USB 3.2 and is however now about 4x faster than Sata III.
Thunderbolt 4 and USB4 offer speeds comparable to NVMe, making them ideal for high-speed external storage.

Central Processor Units

CPU Type	Typical Speed Range	What It Means
Single-Core CPU	1-2 GHz	Basic tasks (e.g., browsing, emailing)
Dual-Core CPU	2-4 GHz	Multitasking (e.g., running several apps)
Quad-Core CPU	2.5-4.5 GHz	Moderate gaming, video editing
Hexa-Core CPU	3-5 GHz	Heavy multitasking, advanced gaming
Octa-Core CPU	3.5-5.5 GHz	Professional video editing, 3D rendering
Deca-Core CPU	4-6 GHz	High-end professional tasks, complex simulations

Example with a 1GB File

Single-Core: Think of it as having one person do the entire task alone.
Dual-Core: Two people working together, splitting the task.
Quad-Core: Four people, meaning quicker completion.
Deca-Core: Ten people, so the task is done much faster.

And About that Internet….

Wi-Fi Protocol	Maximum Speed	Frequency Band(s)
802.11a	54 Mbps	5 GHz
802.11b	11 Mbps	2.4 GHz
802.11g	54 Mbps	2.4 GHz
802.11n (Wi-Fi 4)	600 Mbps (theoretical, unlikely)	2.4 GHz / 5 GHz
802.11ac (Wi-Fi 5)	1.3 Gbps	5 GHz
802.11ax (Wi-Fi 6)	10 Gbps	2.4 GHz / 5 GHz
802.11ax (Wi-Fi 6E)	10 Gbps	6 GHz, 5 GHz, 2.4 GHz

The higher frequencies travel less distance than lower frequencies–2.4 may be more reliable in a longer stretch from the router. For most web browsing, a speed of 30 to 50Mbps is quite good.

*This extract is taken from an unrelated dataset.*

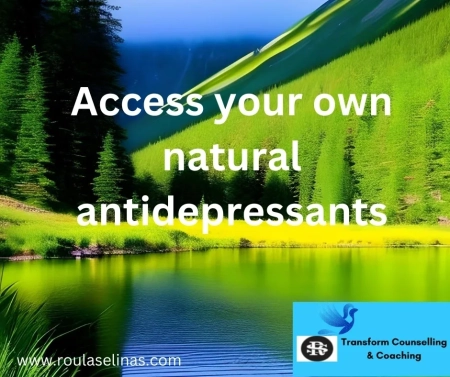 Learn How To Access Your Own Natural Anti Depressants Natural Remedies For Depression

Or if you prefer to be directly wired in:

Cable Type	Maximum Speed	Distance Limit
Cat 5	100 Mbps	100 meters
Cat 5e	1 Gbps	100 meters
Cat 6	1 Gbps	100 meters
Cat 6a	10 Gbps	100 meters
Cat 7	10 Gbps	100 meters
Cat 8	25-40 Gbps	30 meters
Fiber Optic (single-mode)	Up to 100 Gbps	40 kilometers or more
Fiber Optic (multi-mode)	Up to 100 Gbps	550 meters

A quick note here – notice that even at the lowest Cat 5, you are typically exceeding the Internet bandwidth offered by many Internet Service Providers, which is often 25Mbps or so.

Finally, here is a table to give you a realistic idea of what bandwidth you actually need:

Minimal Throughput Requirements for Home Devices

Device	Minimal Throughput Requirement
HD TV (Streaming)	5-10 Mbps
Roku (HD Streaming)	3-5 Mbps
Wi-Fi Telephone Call	1-2 Mbps
Security Camera	2-3 Mbps (upload)
Internet-Viewable Security Camera	5-10 Mbps (upload)
YouTube on Phone/Tablet	1.5-4 Mbps (480p-1080p)

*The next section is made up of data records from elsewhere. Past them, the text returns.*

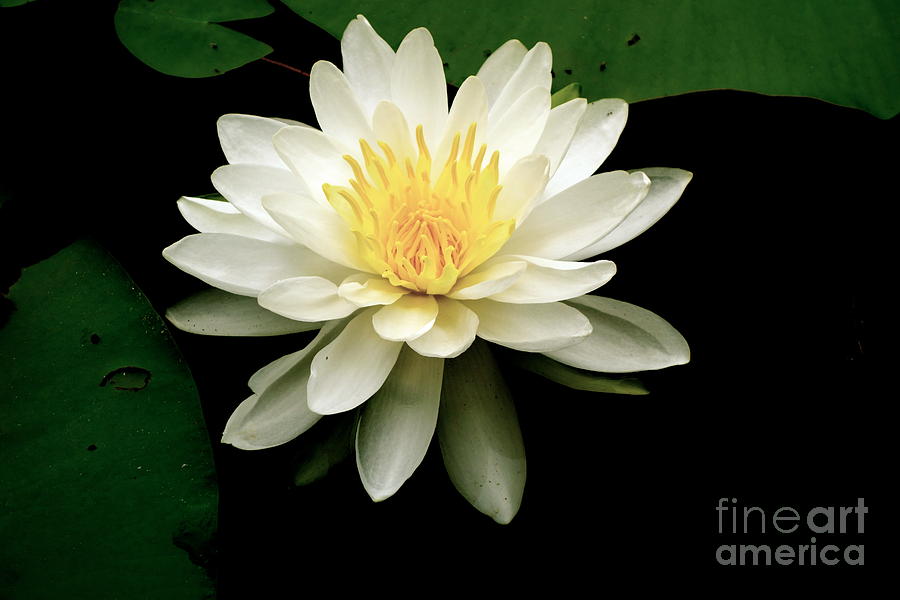 Lotus Flower Photograph by Jacqueline Athmann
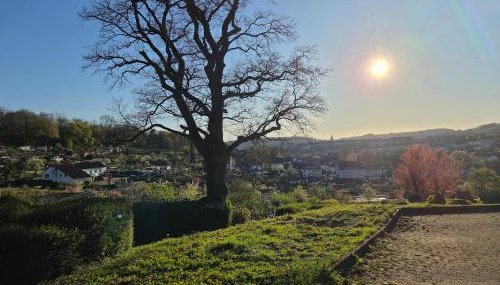 Charmante & Gemütliche Wohnung inkl Kaffee und Tee - Foto 4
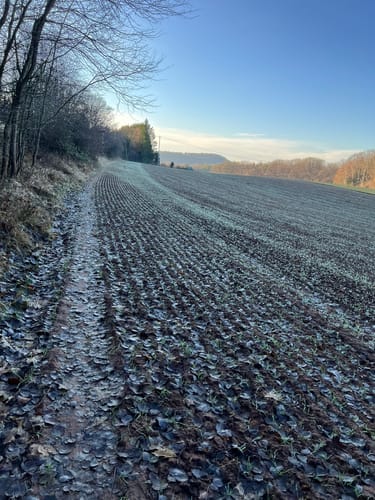 Grosser Hausberg ab Bann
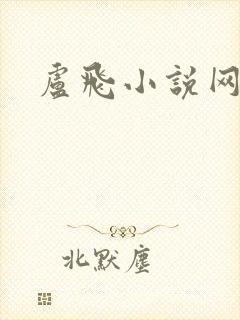 卢飞小说网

Typical Home Devices (1 each)

Now remember, if you have 3 TVs and 6 family members streaming games or videos, multiply appropriately!

To sum it all up, if you are buying a computer, look for as many processors as you can afford, with USB 3 connectors, and an SSD or NVME drive if affordable. Very few people use more than 10% of a 1TB drive, so consider 256 to 512 GB drive size if it lowers cost. If you do have high speed Internet (greater than 100 Mbps) be sure that your the WiFi connection offers 802.11ac (WiFi 5) or 802.11ax (Wifi 6) protocol speeds, or be content with wiring your laptop to the router directly or you’ll likely get at most 30 Mbps. Likewise, the routers also must be capable of the WiFi 5 or better, else it is still best to wire them in directly (the wired ports generally connect at the maximum available speed (100 Mbps to 1000 Mbps) while wireless radios often broadcast in a range from 10 to 300 Mbps).

Memory Types and Their Speeds

Memory Type	Data Transfer Rate (MT/s)	Typical Bandwidth (GB/s)	Description
DDR3	800-2133 MT/s	6.4-17 GB/s	Older standard, still in use in many systems
DDR4	1600-3200 MT/s	12.8-25.6 GB/s	Common in modern PCs and laptops
DDR5	3200-6400+ MT/s	25.6-51.2+ GB/s	Latest standard, higher performance and efficiency
LPDDR4	1600-4266 MT/s	12.8-34.1 GB/s	Low power version, used in mobile devices
LPDDR5	3200-6400+ MT/s	25.6-51.2+ GB/s	Low power, high performance, used in newer mobile devices
GDDR5	6000-8000 MT/s	192-256 GB/s	Used in graphics cards
GDDR6	12000-16000 MT/s	384-512 GB/s	Newer graphics card memory with higher bandwidth
HBM2 (High Bandwidth Memory)	2000 MT/s per pin	256-512 GB/s	Used in high-end GPUs and accelerators

* A GPU was originally a Graphics Processing Unit, designed to be a helper processor to push graphics out to the displays faster such as was required for intense games. Recently they have become everyday processors used for automation such as self-driving cars which must intensively process visual data, and artificial intelligence.